Acid rain, reported now in many regions of the world, damages plant life — sometimes killing the trees (even whole forests) — ruining the soil and poisoning lakes and other water bodies.
Sometimes all the fish die.
The carbon dioxide (CO2), which is the chief product of burning all fossil fuels, wood and cut vegetation, is added to the atmosphere.
The small proportion of CO2 in the air has increased from 260 to 280 parts per million in the mid-nineteenth century to about 350 ppm today.
The carbon dioxide in the atmosphere is the basic food of vegetation, which may be expected to grow more luxuriantly in a more carbon-rich environment.
If climates get warmer, it should benefit from that too.
The atmosphere's carbon dioxide is expected to increase to about 600 ppm by the year 2100, which, if it occurs, must be expected to alter the balance of radiation passing through the atmosphere and is generally expected to warm the climate significantly – according to some forecasts to a temperature level that has not occurred for many millions of years.
Much research published in recent years has been directed at anticipating the increased crop yields that might be expected in a warmer world and the possibilities which might open up of growing warmth-demanding crops in new areas.
But against these advantages must be set the likely extended ranges of insect pests and diseases from warmer latitudes.
However, the match between past periods of increasing CO2 and climatic warming seems not to be as close as expected and widely claimed.
Worst of all the types of pollution is the accumulation of nuclear waste materials on or in the ground and the decay products in the atmosphere and terrestrial environment.
DDT that must have come from insect sprays used in the main inhabited countries of the world has been found in the snows of Antarctica, and radioactive caesium from the nuclear plants at Sellafield (Windscale) in northwest England has been found in the sea surface water in the polar ocean current moving south off the coast of East Greenland.
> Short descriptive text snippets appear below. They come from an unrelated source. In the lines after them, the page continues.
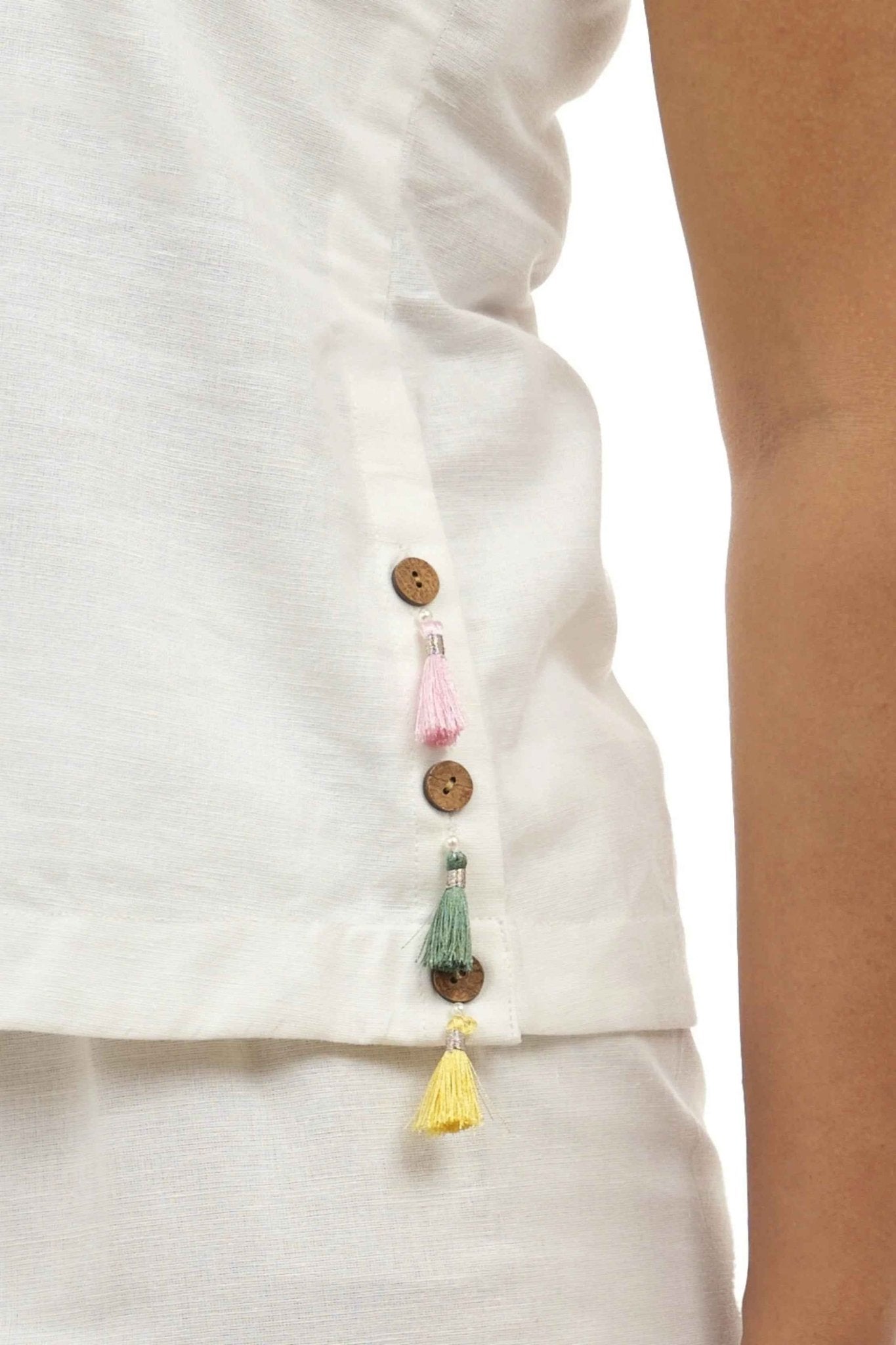 Women’s White Linen Crop Top – Lightweight Summer Linen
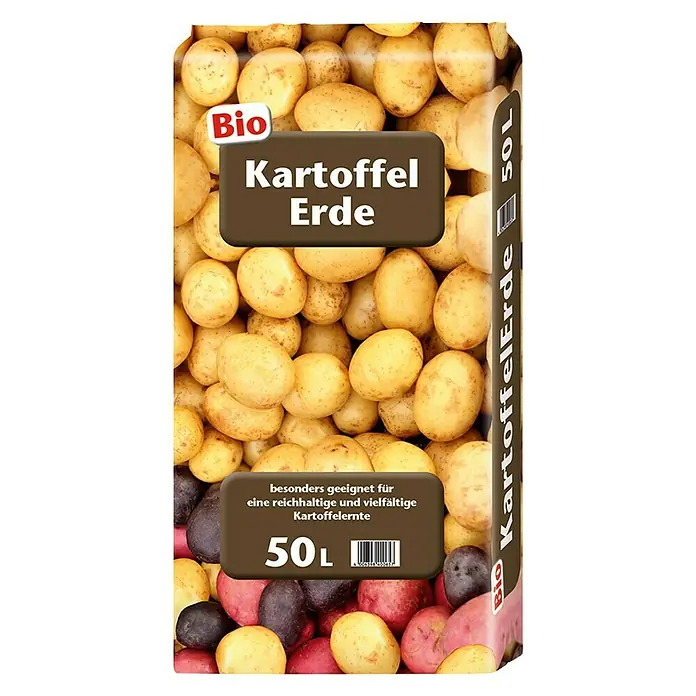 Floragard Tomaten- & Gemüseerde - 50 l - Abbildung einer Packung Bio-Kartoffelerde (50L). Geeignet für eine reichhaltige und vielfältige Kartoffelernte mit natürlichen Inhaltsstoffen.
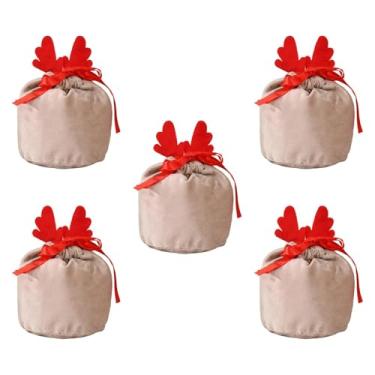 Imagem de Esquirla Conjunto de 5 Sacolas de Presente Natalinas com Cordão, Ideais para Brincar, Presentear, Guardar Brinquedos, Lembrancinhas de Festa, Presentes do, Saco de Café, Red Antlers L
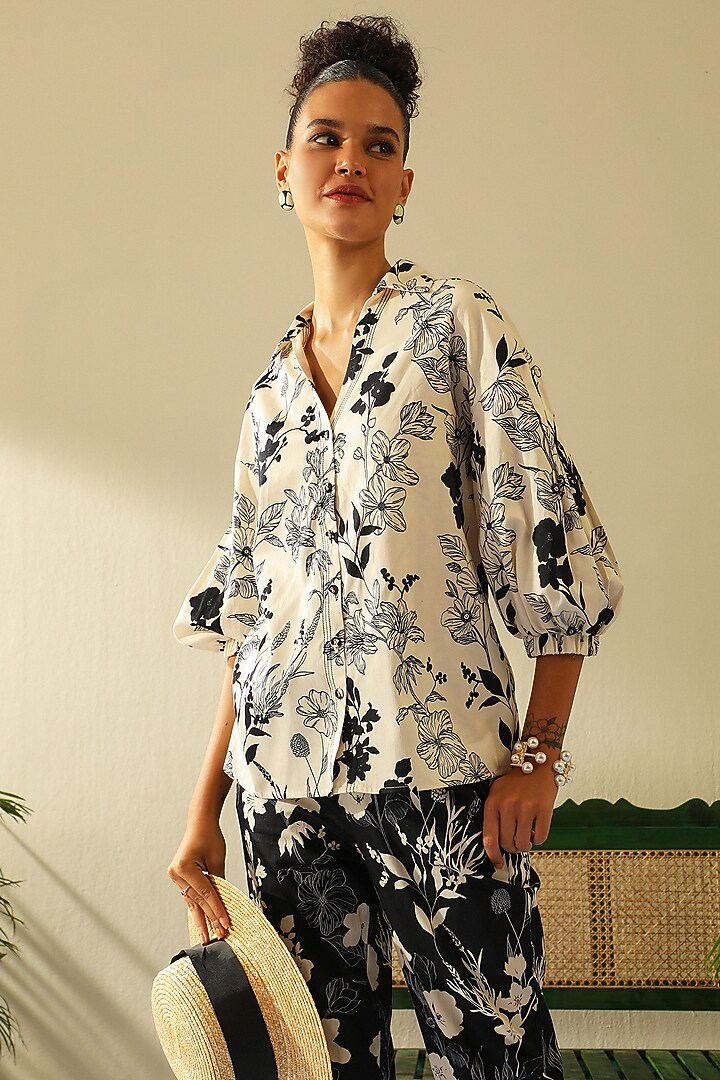 White & Black Handloom Cotton Shirt by Label Deepika Nagpal at Pernia's Pop Up Shop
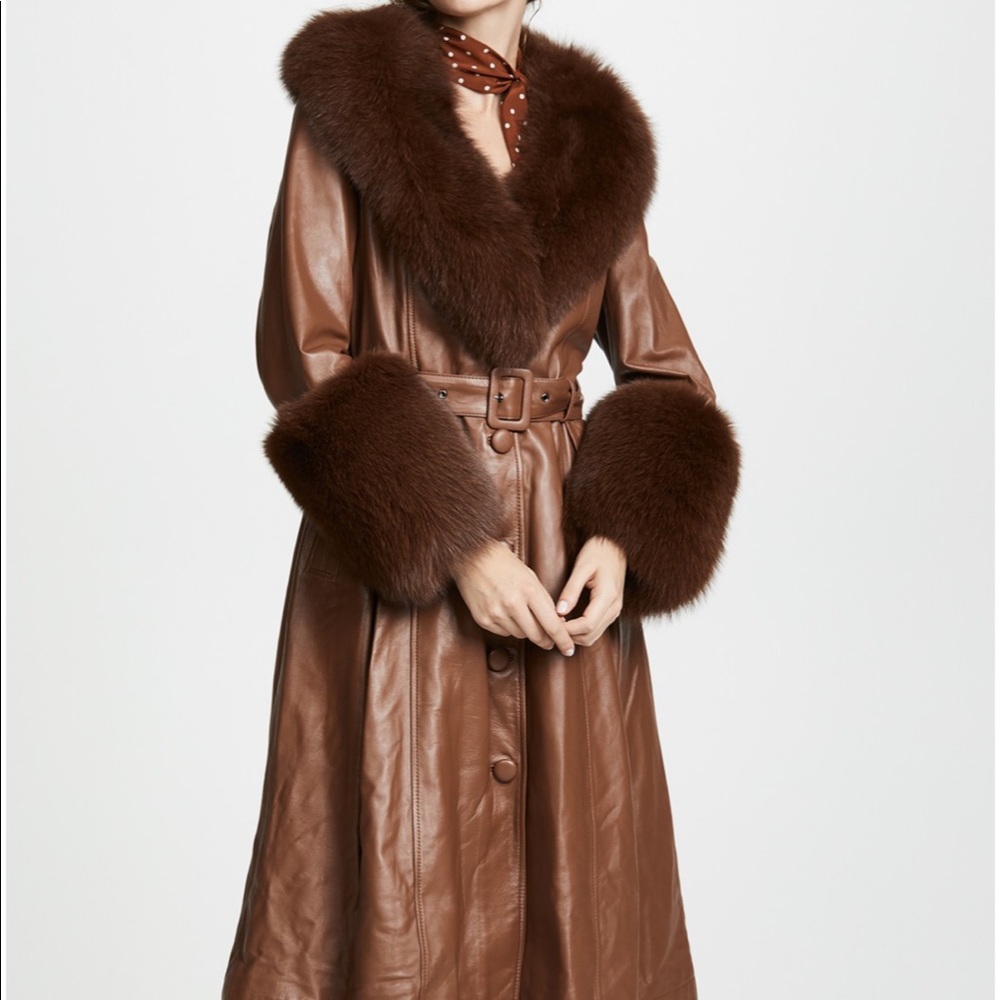 Saks Potts Foxy Brown Leather fur coat size 2 New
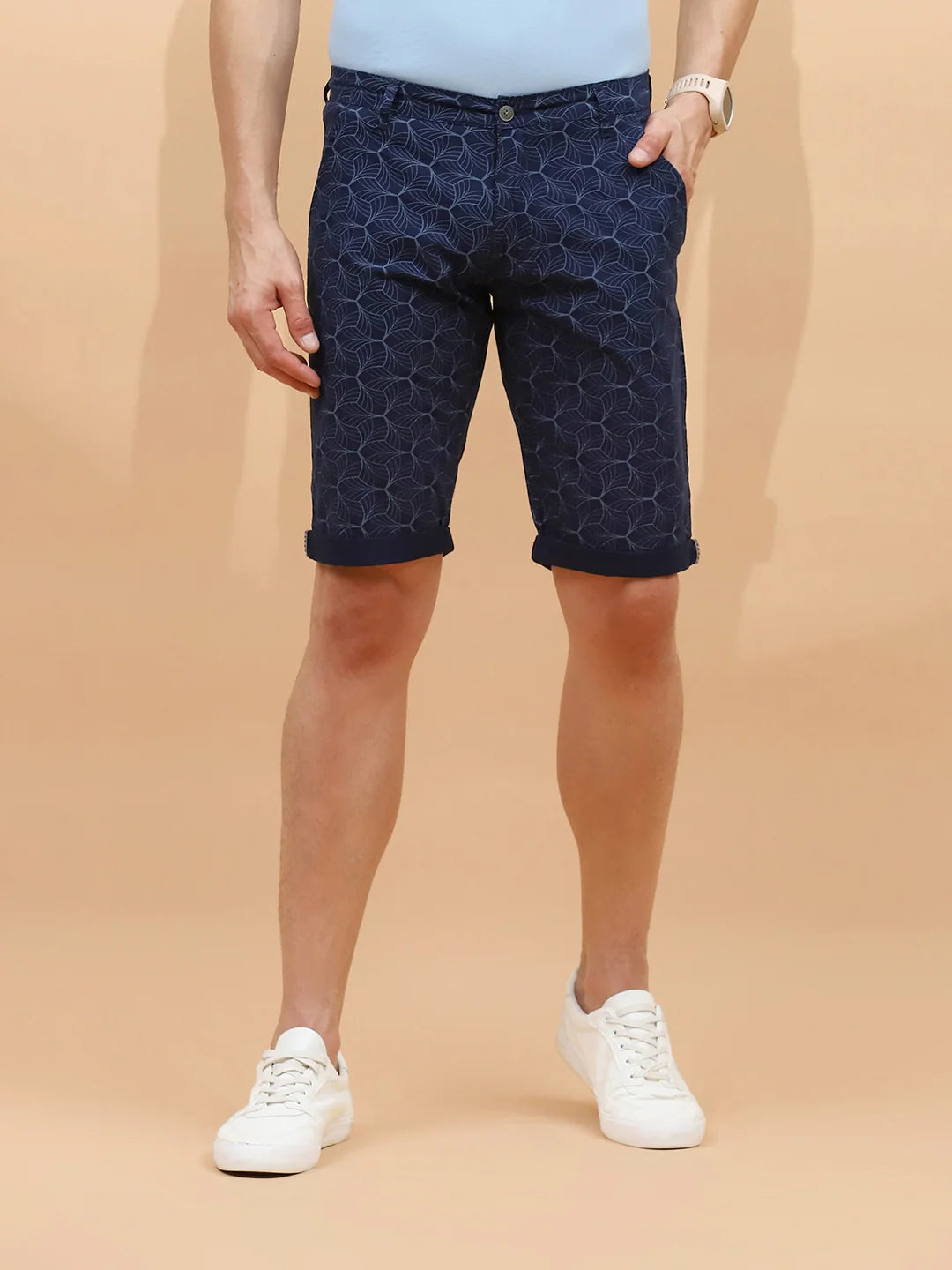 Navy Print Cotton Blend Regular Fit Shorts For Men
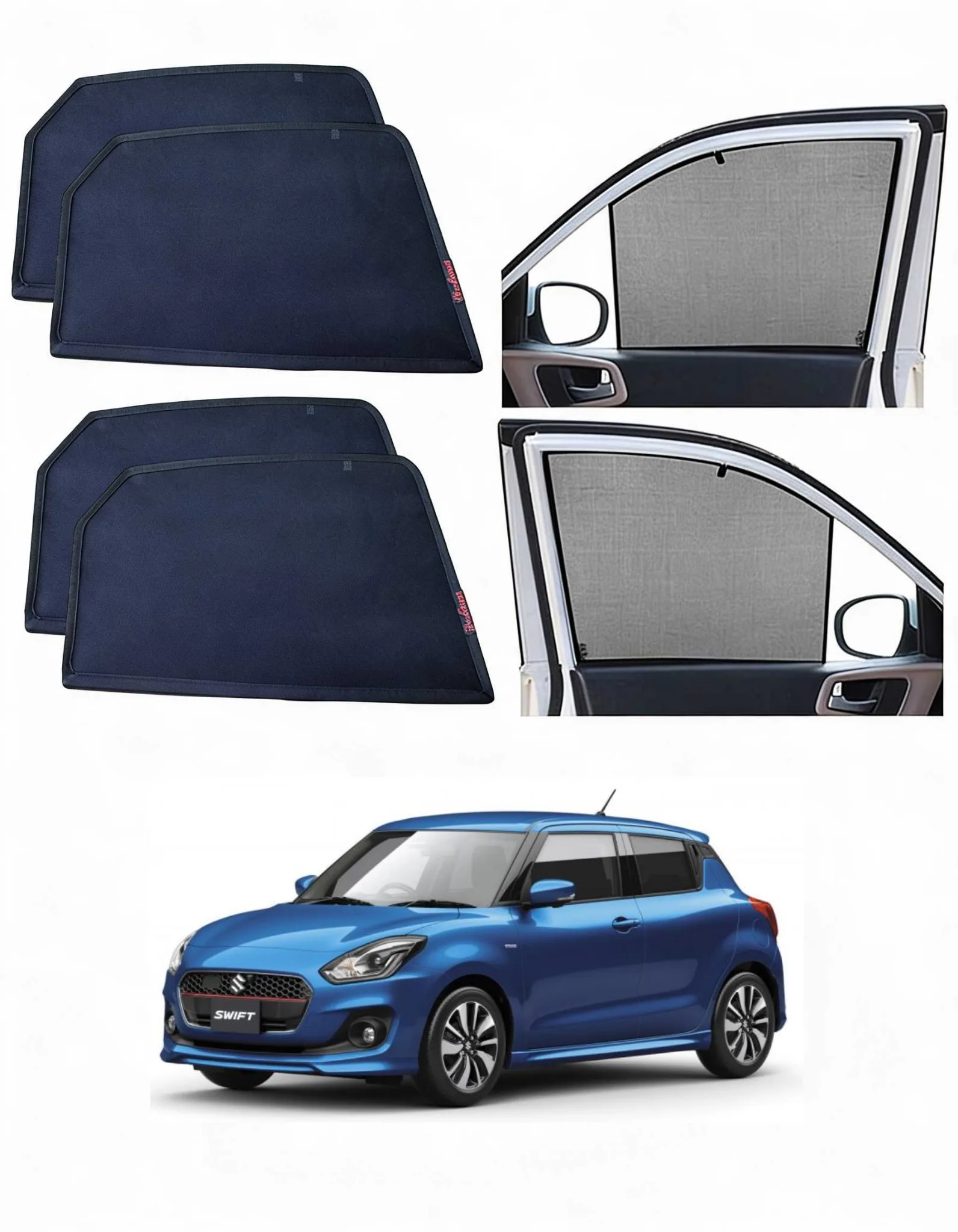 Combo of Car Side Window Half Curtain Sun Shades Compatible with Maruti Suzuki Swift 3rd Gen (2018-2024) & Premium Foldable Rear Windshield Sunshade | UV Protection | Heat Resistant | Removable Car Window Curtains (Set of 5)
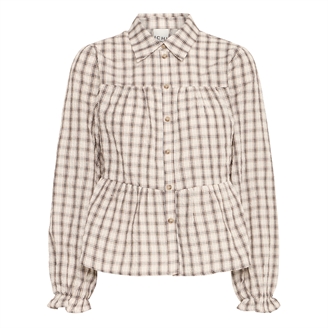 Ichi IxAyla Shirt Oxford Tan W. Checks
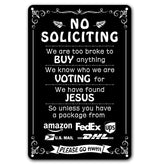 Bestylez humorous no soliciting sign front view, black and white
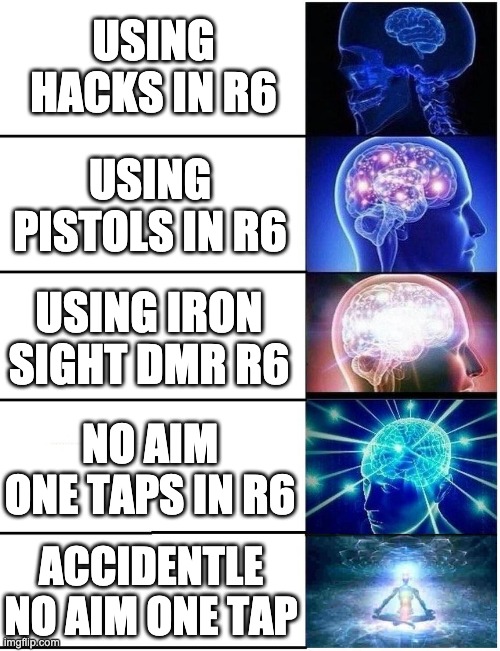 Expanding Brain 5 Panel | USING HACKS IN R6; USING PISTOLS IN R6; USING IRON SIGHT DMR R6; NO AIM ONE TAPS IN R6; ACCIDENTLE NO AIM ONE TAP | image tagged in expanding brain 5 panel | made w/ Imgflip meme maker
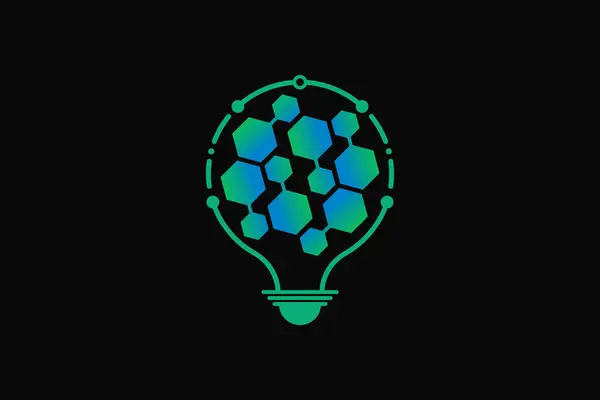 Technologi Logo Deisgn Mit Lampenkonzept — Stockvektor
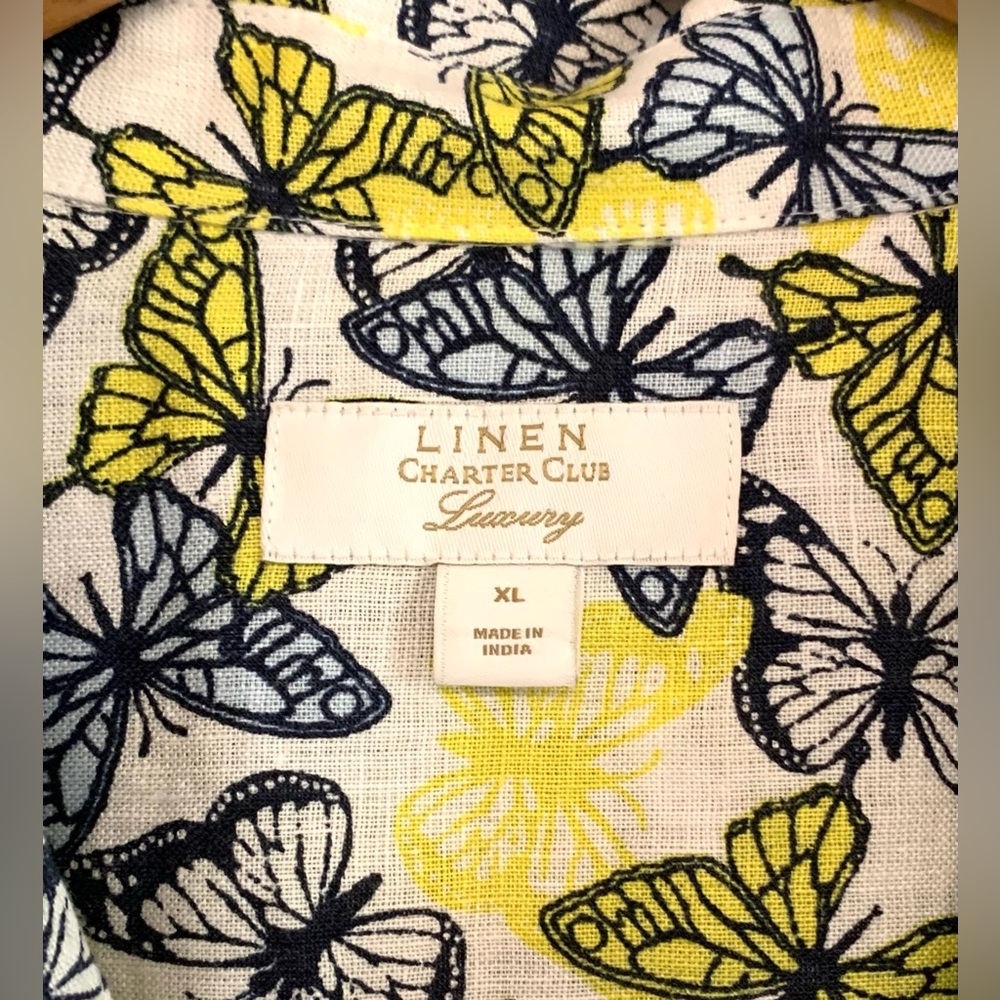 Charter Club Linen Butterfly Tab Sleeve Top Sz XL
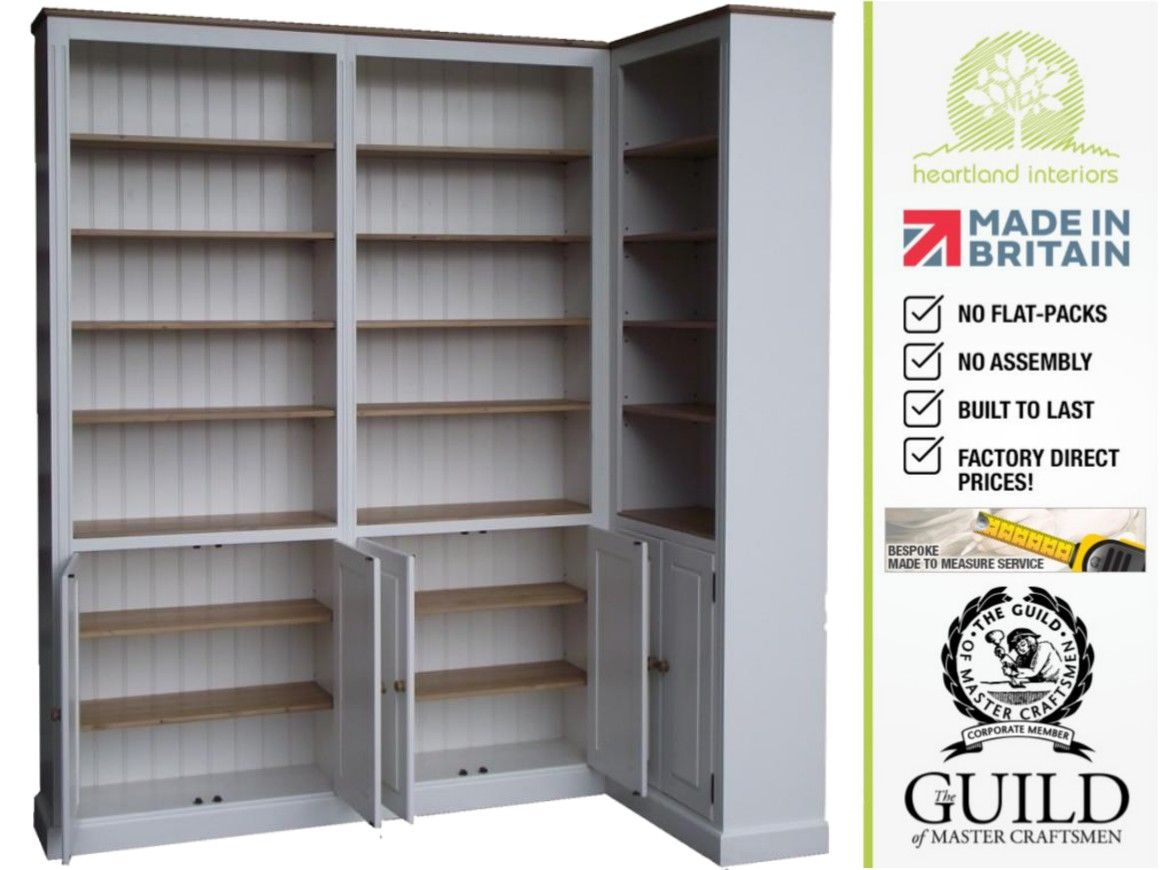 Traditional 8ft Tall Painted Corner Bookcase With Doors pertaining to measurements 1160 X 870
The range of consequential threats has been illustrated by the contamination of sheep in England, Wales and Scotland with wind-borne radioactive matter from the accident at the nuclear electricity plants at Chernobyl in the Ukraine in 1986.
Over eight years later the contamination still persists in some of the areas across Europe reached by this fall-out.
Similar nuclear accidents have occurred elsewhere, as at Three Mile Island in the eastern United States in 1980, and more must be expected in the future.
There is nowhere near the surface of the Earth where radioactive nuclear wastes can be stored indefinitely without risk of dispersal at some later date by earthquake, volcanic activity or war.
TO BE CONTINUED ...
Re: CLIMATE, HISTORY AND THE MODERN WORLD
WINDINESS AND STORMS
There have been indications in many regions, seemingly representative of most of the Earth, that windiness — as shown, for instance, by average wind speeds and the frequency of storm winds — has been increasing since about 1950.
Flohn and others have argued, surely soundly, that this can logically be associated with the undoubted rise of ocean surface temperatures over these years, principally in the tropics and in the higher southern latitudes.
This has been accompanied by an increase of the area in the warmest tropical oceans with surface water temperature above 27.5 °C, which seems to be critical for tropical hurricane formation.
These authors also mention the doubt entertained by several leading investigators about attributing the twentieth-century warming mainly to the increase of ‘greenhouse gases’ in the atmosphere.
Care must certainly be exercised before attributing the increase of general windiness to global warmth, since there seem to have been stormier and less stormy periods in the past which cannot simply be aligned with warmer and colder periods respectively.
(A possible counter-argument would be available if it could be shown that in past cold episodes which were, or are, regarded as stormy, the storminess was narrowly restricted to some particular zone.)
The present (1990s) warmth of the tropical oceans, on average warmed by about 0.3°C over the last thirty to thirty-five years, can safely be presumed to have been accompanied by increased evaporation from their surface.
There is indeed indirect evidence of an increase of rainfall over those oceans in a measured reduction of the salinity of the surface waters.
(Rainfall at sea cannot yet be directly measured reliably.)
And it must be safe to conclude that the overall water vapour content of the Earth’s atmosphere has been increased in consequence.
More latent heat must therefore have been released by condensation of this water vapour in clouds.
In this way, the total energy of the world’s winds and weather systems must have been increased.
Flohn estimates the overall intensification of the general wind circulation by these processes over recent years at probably 10–12 per cent of the energy budget.
And he points to the implication that more extreme weather systems and events should therefore be expected: ‘more severe cyclones and hurricanes…very heavy precipitation and intense hail-storms, but also (at least to a more minor extent) more active subsiding air motion in anticyclones’.
The semi-permanent centres of low pressure over the northern North Atlantic and northern North Pacific have shown this expected intensification.
But there is doubt as to how far this can be due to global warming from the man-made increase of carbon dioxide and other ‘greenhouse gases’.
Doubts arise because the geographical distribution of the warming differs markedly from model predictions.
It is not as marked in the Arctic as in some other regions.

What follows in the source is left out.